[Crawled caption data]
((

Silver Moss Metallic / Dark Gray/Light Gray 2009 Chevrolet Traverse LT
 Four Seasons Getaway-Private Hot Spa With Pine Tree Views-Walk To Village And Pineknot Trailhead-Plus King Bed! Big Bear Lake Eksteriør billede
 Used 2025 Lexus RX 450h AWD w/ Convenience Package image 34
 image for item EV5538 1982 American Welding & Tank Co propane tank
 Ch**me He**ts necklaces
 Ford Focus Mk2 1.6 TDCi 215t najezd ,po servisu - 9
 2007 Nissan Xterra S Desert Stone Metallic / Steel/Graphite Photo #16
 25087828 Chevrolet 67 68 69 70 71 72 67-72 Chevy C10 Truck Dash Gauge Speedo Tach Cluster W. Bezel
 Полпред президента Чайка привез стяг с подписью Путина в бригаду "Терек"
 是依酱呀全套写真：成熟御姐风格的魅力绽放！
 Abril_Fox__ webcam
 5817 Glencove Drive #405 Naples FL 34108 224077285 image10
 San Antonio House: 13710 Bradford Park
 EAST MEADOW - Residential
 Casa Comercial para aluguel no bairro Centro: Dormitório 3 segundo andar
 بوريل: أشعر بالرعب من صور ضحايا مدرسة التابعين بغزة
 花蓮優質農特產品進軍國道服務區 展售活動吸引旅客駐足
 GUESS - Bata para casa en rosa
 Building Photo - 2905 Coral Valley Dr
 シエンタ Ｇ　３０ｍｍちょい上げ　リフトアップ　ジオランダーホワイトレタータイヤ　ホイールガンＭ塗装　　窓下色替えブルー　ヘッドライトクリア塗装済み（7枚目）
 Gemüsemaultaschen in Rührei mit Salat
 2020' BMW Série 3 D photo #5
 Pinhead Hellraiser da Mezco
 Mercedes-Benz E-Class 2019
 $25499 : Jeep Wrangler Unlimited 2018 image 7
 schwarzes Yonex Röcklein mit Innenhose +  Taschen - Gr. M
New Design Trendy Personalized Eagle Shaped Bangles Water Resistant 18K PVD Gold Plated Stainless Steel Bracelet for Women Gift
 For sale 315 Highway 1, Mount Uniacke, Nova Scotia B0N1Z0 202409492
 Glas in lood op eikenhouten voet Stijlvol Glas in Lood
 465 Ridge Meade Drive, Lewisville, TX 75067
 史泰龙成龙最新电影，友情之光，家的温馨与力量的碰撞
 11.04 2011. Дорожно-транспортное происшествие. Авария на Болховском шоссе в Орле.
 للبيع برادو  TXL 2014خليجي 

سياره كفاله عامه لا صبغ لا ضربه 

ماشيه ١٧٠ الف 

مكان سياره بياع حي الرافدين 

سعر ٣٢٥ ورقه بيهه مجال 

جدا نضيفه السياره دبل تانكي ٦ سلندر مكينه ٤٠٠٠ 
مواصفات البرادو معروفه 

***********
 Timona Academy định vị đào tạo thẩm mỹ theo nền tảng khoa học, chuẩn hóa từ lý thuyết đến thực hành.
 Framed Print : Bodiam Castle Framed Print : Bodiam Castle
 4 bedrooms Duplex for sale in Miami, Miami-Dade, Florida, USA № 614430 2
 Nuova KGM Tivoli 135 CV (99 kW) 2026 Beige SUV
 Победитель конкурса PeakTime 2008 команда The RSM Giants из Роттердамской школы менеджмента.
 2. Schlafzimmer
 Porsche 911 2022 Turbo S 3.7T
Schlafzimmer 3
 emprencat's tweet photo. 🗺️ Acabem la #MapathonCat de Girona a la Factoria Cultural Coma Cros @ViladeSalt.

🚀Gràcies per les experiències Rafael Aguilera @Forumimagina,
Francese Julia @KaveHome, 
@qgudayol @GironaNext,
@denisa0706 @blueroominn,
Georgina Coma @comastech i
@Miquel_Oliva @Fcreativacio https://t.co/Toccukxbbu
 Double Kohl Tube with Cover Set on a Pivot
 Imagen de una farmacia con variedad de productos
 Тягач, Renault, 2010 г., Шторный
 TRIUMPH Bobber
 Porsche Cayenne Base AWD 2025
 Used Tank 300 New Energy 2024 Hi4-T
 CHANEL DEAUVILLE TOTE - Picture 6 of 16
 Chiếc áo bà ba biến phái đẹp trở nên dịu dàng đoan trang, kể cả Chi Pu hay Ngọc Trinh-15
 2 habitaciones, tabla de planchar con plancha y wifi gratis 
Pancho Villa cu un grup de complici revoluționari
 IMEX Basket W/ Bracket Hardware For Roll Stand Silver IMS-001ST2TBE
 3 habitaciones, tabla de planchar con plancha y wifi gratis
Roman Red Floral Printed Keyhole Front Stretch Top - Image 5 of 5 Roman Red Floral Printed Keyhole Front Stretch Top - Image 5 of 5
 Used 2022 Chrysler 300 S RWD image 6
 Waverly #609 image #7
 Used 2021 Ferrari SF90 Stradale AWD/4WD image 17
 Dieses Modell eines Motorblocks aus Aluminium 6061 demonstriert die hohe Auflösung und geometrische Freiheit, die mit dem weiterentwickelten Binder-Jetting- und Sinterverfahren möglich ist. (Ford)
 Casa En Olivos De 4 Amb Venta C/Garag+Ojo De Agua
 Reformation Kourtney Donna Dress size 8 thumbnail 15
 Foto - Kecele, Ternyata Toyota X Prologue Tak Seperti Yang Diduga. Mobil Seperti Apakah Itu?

))

— The problem —
Return all of the entries word for word.

— Your solution —
Silver Moss Metallic / Dark Gray/Light Gray 2009 Chevrolet Traverse LT
 Four Seasons Getaway-Private Hot Spa With Pine Tree Views-Walk To Village And Pineknot Trailhead-Plus King Bed! Big Bear Lake Eksteriør billede
 Used 2025 Lexus RX 450h AWD w/ Convenience Package image 34
 image for item EV5538 1982 American Welding & Tank Co propane tank
 Ch**me He**ts necklaces
 Ford Focus Mk2 1.6 TDCi 215t najezd ,po servisu - 9
 2007 Nissan Xterra S Desert Stone Metallic / Steel/Graphite Photo #16
 25087828 Chevrolet 67 68 69 70 71 72 67-72 Chevy C10 Truck Dash Gauge Speedo Tach Cluster W. Bezel
 Полпред президента Чайка привез стяг с подписью Путина в бригаду "Терек"
 是依酱呀全套写真：成熟御姐风格的魅力绽放！
 Abril_Fox__ webcam
 5817 Glencove Drive #405 Naples FL 34108 224077285 image10
 San Antonio House: 13710 Bradford Park
 EAST MEADOW - Residential
 Casa Comercial para aluguel no bairro Centro: Dormitório 3 segundo andar
 بوريل: أشعر بالرعب من صور ضحايا مدرسة التابعين بغزة
 花蓮優質農特產品進軍國道服務區 展售活動吸引旅客駐足
 GUESS - Bata para casa en rosa
 Building Photo - 2905 Coral Valley Dr
 シエンタ Ｇ　３０ｍｍちょい上げ　リフトアップ　ジオランダーホワイトレタータイヤ　ホイールガンＭ塗装　　窓下色替えブルー　ヘッドライトクリア塗装済み（7枚目）
 Gemüsemaultaschen in Rührei mit Salat
 2020' BMW Série 3 D photo #5
 Pinhead Hellraiser da Mezco
 Mercedes-Benz E-Class 2019
 $25499 : Jeep Wrangler Unlimited 2018 image 7
 schwarzes Yonex Röcklein mit Innenhose +  Taschen - Gr. M
New Design Trendy Personalized Eagle Shaped Bangles Water Resistant 18K PVD Gold Plated Stainless Steel Bracelet for Women Gift
 For sale 315 Highway 1, Mount Uniacke, Nova Scotia B0N1Z0 202409492
 Glas in lood op eikenhouten voet Stijlvol Glas in Lood
 465 Ridge Meade Drive, Lewisville, TX 75067
 史泰龙成龙最新电影，友情之光，家的温馨与力量的碰撞
 11.04 2011. Дорожно-транспортное происшествие. Авария на Болховском шоссе в Орле.
 للبيع برادو  TXL 2014خليجي 

سياره كفاله عامه لا صبغ لا ضربه 

ماشيه ١٧٠ الف 

مكان سياره بياع حي الرافدين 

سعر ٣٢٥ ورقه بيهه مجال 

جدا نضيفه السياره دبل تانكي ٦ سلندر مكينه ٤٠٠٠ 
مواصفات البرادو معروفه 

***********
 Timona Academy định vị đào tạo thẩm mỹ theo nền tảng khoa học, chuẩn hóa từ lý thuyết đến thực hành.
 Framed Print : Bodiam Castle Framed Print : Bodiam Castle
 4 bedrooms Duplex for sale in Miami, Miami-Dade, Florida, USA № 614430 2
 Nuova KGM Tivoli 135 CV (99 kW) 2026 Beige SUV
 Победитель конкурса PeakTime 2008 команда The RSM Giants из Роттердамской школы менеджмента.
 2. Schlafzimmer
 Porsche 911 2022 Turbo S 3.7T
Schlafzimmer 3
 emprencat's tweet photo. 🗺️ Acabem la #MapathonCat de Girona a la Factoria Cultural Coma Cros @ViladeSalt.

🚀Gràcies per les experiències Rafael Aguilera @Forumimagina,
Francese Julia @KaveHome, 
@qgudayol @GironaNext,
@denisa0706 @blueroominn,
Georgina Coma @comastech i
@Miquel_Oliva @Fcreativacio https://t.co/Toccukxbbu
 Double Kohl Tube with Cover Set on a Pivot
 Imagen de una farmacia con variedad de productos
 Тягач, Renault, 2010 г., Шторный
 TRIUMPH Bobber
 Porsche Cayenne Base AWD 2025
 Used Tank 300 New Energy 2024 Hi4-T
 CHANEL DEAUVILLE TOTE - Picture 6 of 16
 Chiếc áo bà ba biến phái đẹp trở nên dịu dàng đoan trang, kể cả Chi Pu hay Ngọc Trinh-15
 2 habitaciones, tabla de planchar con plancha y wifi gratis 
Pancho Villa cu un grup de complici revoluționari
 IMEX Basket W/ Bracket Hardware For Roll Stand Silver IMS-001ST2TBE
 3 habitaciones, tabla de planchar con plancha y wifi gratis
Roman Red Floral Printed Keyhole Front Stretch Top - Image 5 of 5 Roman Red Floral Printed Keyhole Front Stretch Top - Image 5 of 5
 Used 2022 Chrysler 300 S RWD image 6
 Waverly #609 image #7
 Used 2021 Ferrari SF90 Stradale AWD/4WD image 17
 Dieses Modell eines Motorblocks aus Aluminium 6061 demonstriert die hohe Auflösung und geometrische Freiheit, die mit dem weiterentwickelten Binder-Jetting- und Sinterverfahren möglich ist. (Ford)
 Casa En Olivos De 4 Amb Venta C/Garag+Ojo De Agua
 Reformation Kourtney Donna Dress size 8 thumbnail 15
 Foto - Kecele, Ternyata Toyota X Prologue Tak Seperti Yang Diduga. Mobil Seperti Apakah Itu?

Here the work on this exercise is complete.